▶ **Problem statement**
Starting at the line that contains "Locatie op kaart", copy every line to the end of the material below exactly, and omit the pictures.

▶ **Data**
[Start of Attachment]

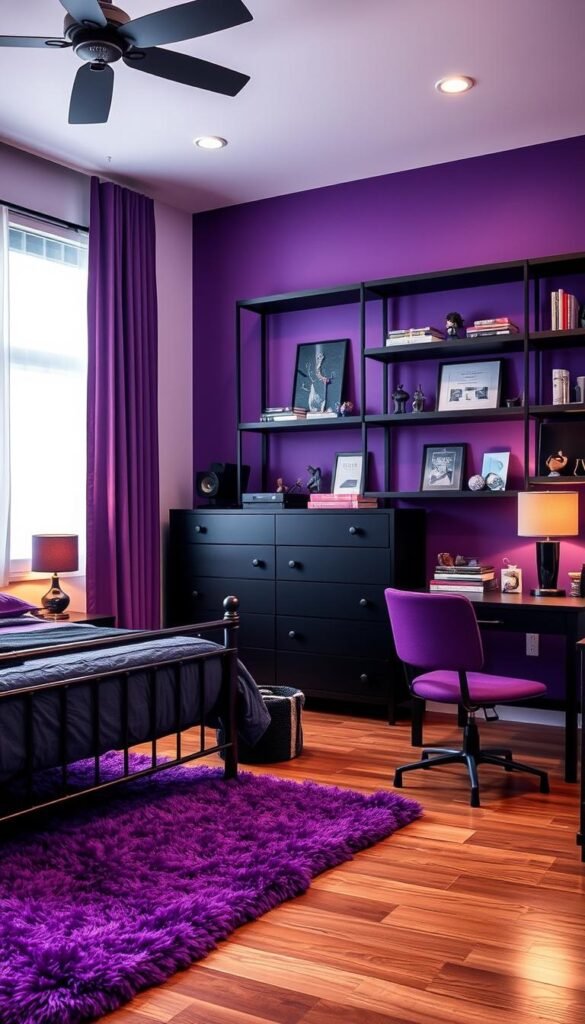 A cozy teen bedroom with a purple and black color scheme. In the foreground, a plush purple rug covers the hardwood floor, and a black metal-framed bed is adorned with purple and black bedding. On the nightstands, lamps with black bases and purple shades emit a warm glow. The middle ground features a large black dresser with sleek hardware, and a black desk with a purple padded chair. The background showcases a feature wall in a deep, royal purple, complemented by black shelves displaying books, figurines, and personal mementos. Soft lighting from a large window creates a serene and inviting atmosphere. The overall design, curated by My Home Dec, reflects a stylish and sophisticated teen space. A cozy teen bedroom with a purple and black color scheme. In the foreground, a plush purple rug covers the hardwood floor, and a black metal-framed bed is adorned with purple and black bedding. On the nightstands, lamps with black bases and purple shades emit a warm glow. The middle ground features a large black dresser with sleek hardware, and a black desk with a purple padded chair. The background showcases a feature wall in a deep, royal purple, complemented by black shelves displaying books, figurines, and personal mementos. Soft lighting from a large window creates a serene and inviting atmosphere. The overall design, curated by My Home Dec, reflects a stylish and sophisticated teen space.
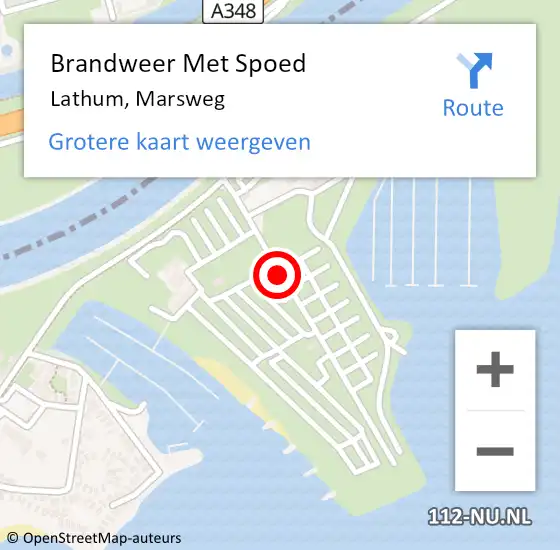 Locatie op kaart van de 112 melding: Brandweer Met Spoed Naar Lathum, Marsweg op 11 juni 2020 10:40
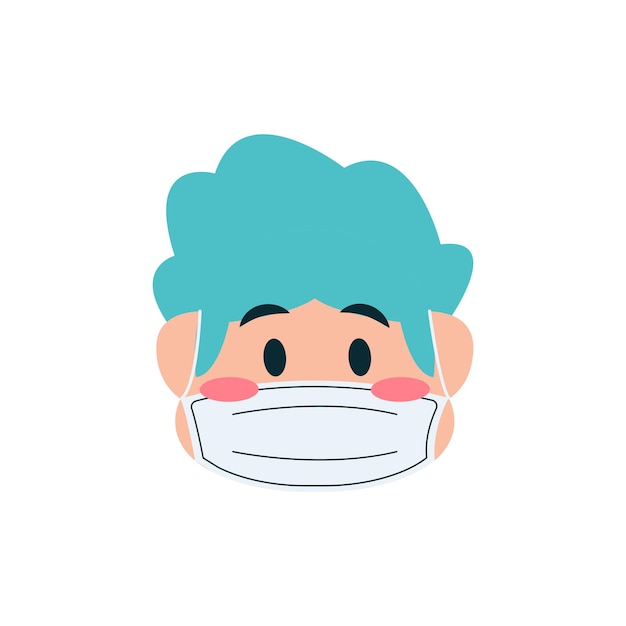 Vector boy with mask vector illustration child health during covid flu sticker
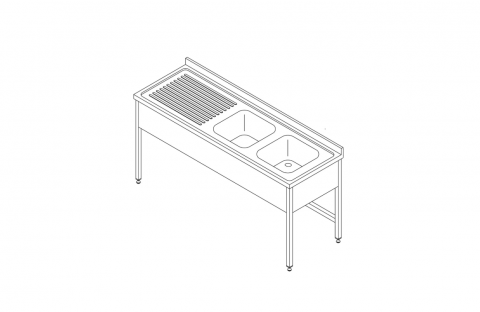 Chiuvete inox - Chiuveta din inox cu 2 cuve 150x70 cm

[End of Attachment]

▶ **Answer section**
 Locatie op kaart van de 112 melding: Brandweer Met Spoed Naar Lathum, Marsweg op 11 juni 2020 10:40
 Vector boy with mask vector illustration child health during covid flu sticker
 Chiuvete inox - Chiuveta din inox cu 2 cuve 150x70 cm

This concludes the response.